:: Given data
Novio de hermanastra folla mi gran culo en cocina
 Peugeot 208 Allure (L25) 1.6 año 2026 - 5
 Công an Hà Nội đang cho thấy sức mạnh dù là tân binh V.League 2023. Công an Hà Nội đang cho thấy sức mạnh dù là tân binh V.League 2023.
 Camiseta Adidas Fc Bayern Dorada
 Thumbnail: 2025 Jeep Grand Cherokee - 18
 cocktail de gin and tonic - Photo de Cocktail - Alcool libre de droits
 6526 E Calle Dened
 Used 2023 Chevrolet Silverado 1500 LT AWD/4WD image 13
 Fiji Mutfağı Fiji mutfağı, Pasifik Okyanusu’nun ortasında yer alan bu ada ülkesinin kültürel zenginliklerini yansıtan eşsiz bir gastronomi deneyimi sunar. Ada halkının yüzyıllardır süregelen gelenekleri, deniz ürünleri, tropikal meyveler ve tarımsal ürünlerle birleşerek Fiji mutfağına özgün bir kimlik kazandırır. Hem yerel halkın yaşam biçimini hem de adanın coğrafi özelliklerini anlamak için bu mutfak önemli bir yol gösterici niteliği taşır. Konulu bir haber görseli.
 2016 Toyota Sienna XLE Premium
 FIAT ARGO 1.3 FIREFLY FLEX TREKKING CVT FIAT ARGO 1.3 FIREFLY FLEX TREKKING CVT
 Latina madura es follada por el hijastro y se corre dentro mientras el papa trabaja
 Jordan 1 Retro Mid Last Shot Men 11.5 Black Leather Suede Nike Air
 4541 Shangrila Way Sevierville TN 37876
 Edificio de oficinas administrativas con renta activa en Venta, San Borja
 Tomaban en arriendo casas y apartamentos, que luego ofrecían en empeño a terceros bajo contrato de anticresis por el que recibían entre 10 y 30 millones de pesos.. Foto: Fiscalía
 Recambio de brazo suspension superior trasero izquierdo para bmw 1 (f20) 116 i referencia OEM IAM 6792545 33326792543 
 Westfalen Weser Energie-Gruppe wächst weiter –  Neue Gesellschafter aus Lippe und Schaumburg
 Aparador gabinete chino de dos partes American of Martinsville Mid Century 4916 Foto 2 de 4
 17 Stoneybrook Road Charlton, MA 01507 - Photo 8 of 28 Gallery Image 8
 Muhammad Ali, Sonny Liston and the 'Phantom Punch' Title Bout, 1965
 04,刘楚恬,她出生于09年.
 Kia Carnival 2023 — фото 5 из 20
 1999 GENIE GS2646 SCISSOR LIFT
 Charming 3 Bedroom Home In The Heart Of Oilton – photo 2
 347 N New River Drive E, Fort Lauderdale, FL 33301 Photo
::::
=== What needs to be done ===
Every line of the listing above that includes "Foto" should be copied out.

=== Written reply ===
 Tomaban en arriendo casas y apartamentos, que luego ofrecían en empeño a terceros bajo contrato de anticresis por el que recibían entre 10 y 30 millones de pesos.. Foto: Fiscalía
 Aparador gabinete chino de dos partes American of Martinsville Mid Century 4916 Foto 2 de 4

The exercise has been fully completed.